Pizza in Italy - classic

Brushing the teeth before bed


Cinque Terra - May 29-31


It only took 8 hours by train, and several changes (all of which we made… phewf) to arrive in Riomaggiore, 1 of the 5 cities in Cinque Terra. Going the first week of June – when everyone (Germans and Italians alike) seemed to have a holiday might have been an oversight, nevertheless it meant a worthwhile use of a 3-day weekend. After sharing a room advertised for 4 people (meaning 2 beds) with our gang of 6, we woke ready to hike the trail.

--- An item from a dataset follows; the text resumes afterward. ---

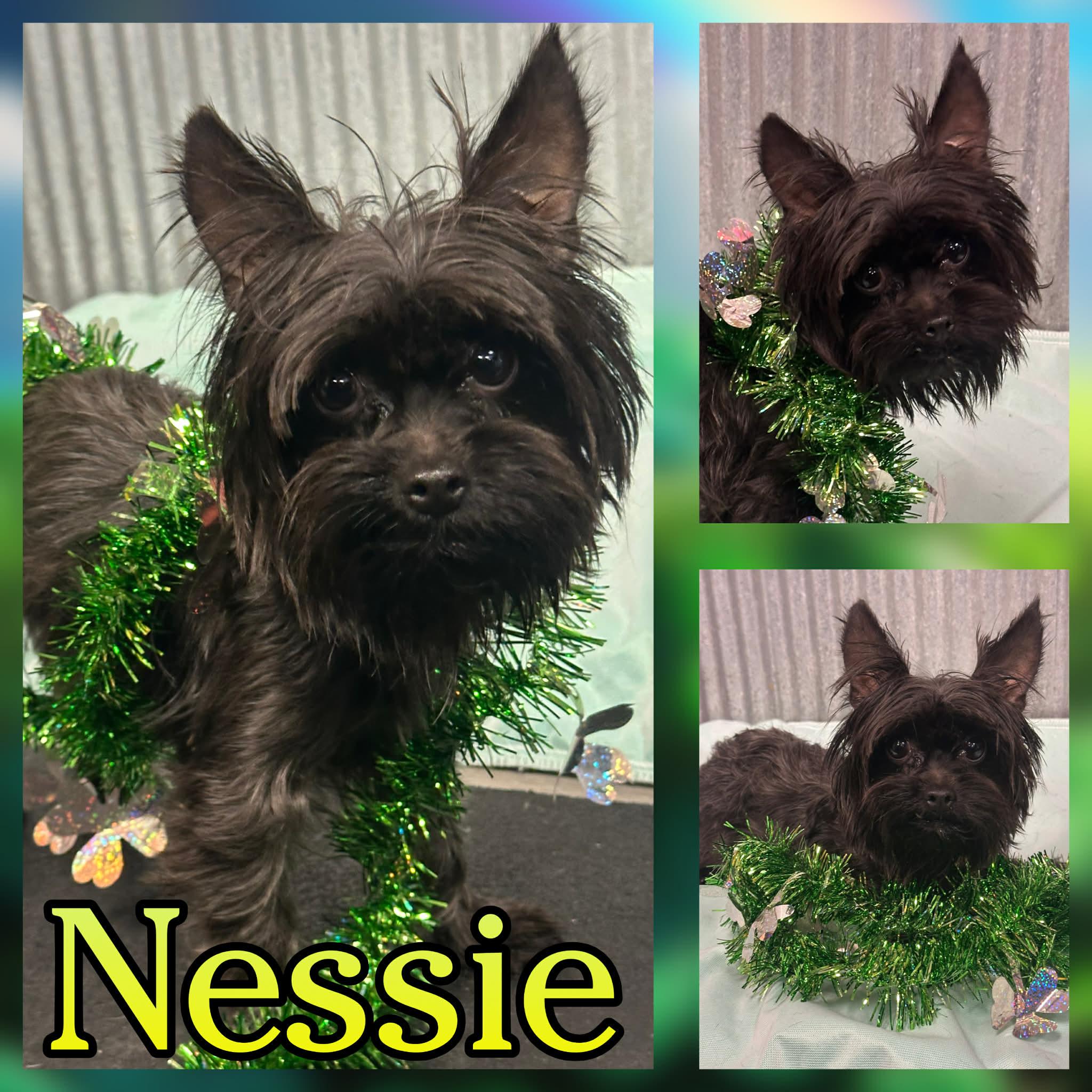 Enlarge Nessie, an adopted mixed breed in Hatfield, PA image 1/1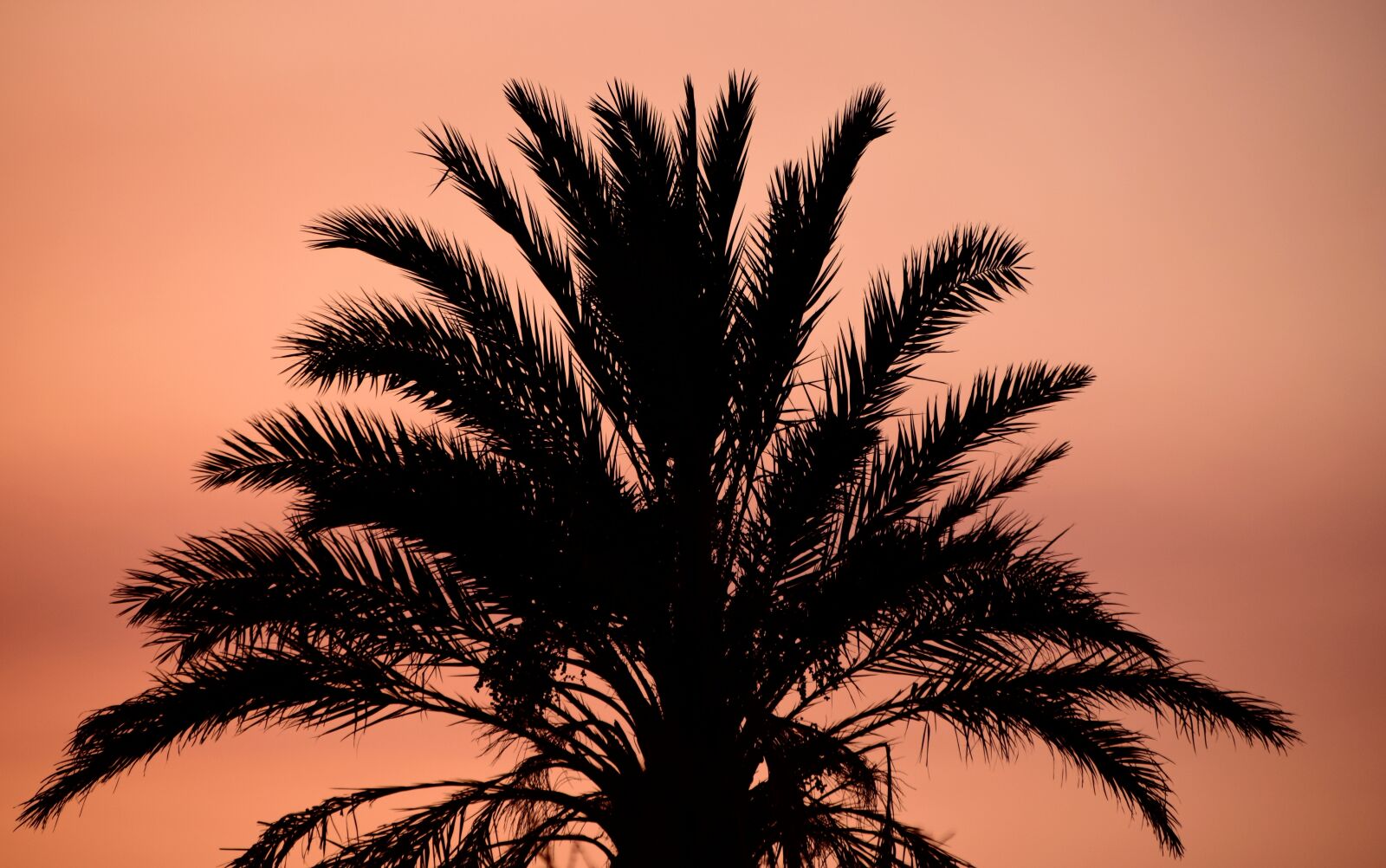 Nikon D3300 sample photo. Palm, sunset, contour photography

Starting in Riomaggiore, we bought tickets for the hike and started at the Tunnel of Love walking along meandering paths by the coast that alternated with views of the UNESCO heritage sites of the terraced vineyards – literally breathtaking (gorgeous and a workout). Every picture was postcard worthy; if you take me out of the photos – because I’m hot and sticky after a 5-hour hike. Venturing through towns, we tried focaccia pizza with artichokes or pesto.

Once in Monterosso, we went beaching as a reward for ‘most of us’ not falling off the trail into the bushes of the steep hillside. For dinner – fresh catch of the day or the usual Italian thin crust pizza that’s the size of a huge dinner plate (sometimes not all 6 plates could fit on the table), and lots of gelato for dessert. We also had some jazz entertainment in the street and I’m determined that jazz makes kids go crazy. The kids just danced like mad in the middle of the gathering tourist crowd and are at least half the entertainment. (I wonder if I was ever like that…??)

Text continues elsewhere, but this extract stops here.